**DATASET EXTRACT:**
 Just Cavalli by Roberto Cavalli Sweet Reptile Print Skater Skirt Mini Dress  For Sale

...

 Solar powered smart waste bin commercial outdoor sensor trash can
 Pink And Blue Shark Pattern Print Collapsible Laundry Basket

**YOUR TASK:**
Examine each line of the listing for the word "Print" and state only how many lines contain it.

**ANSWER FOR THE TASK:**
2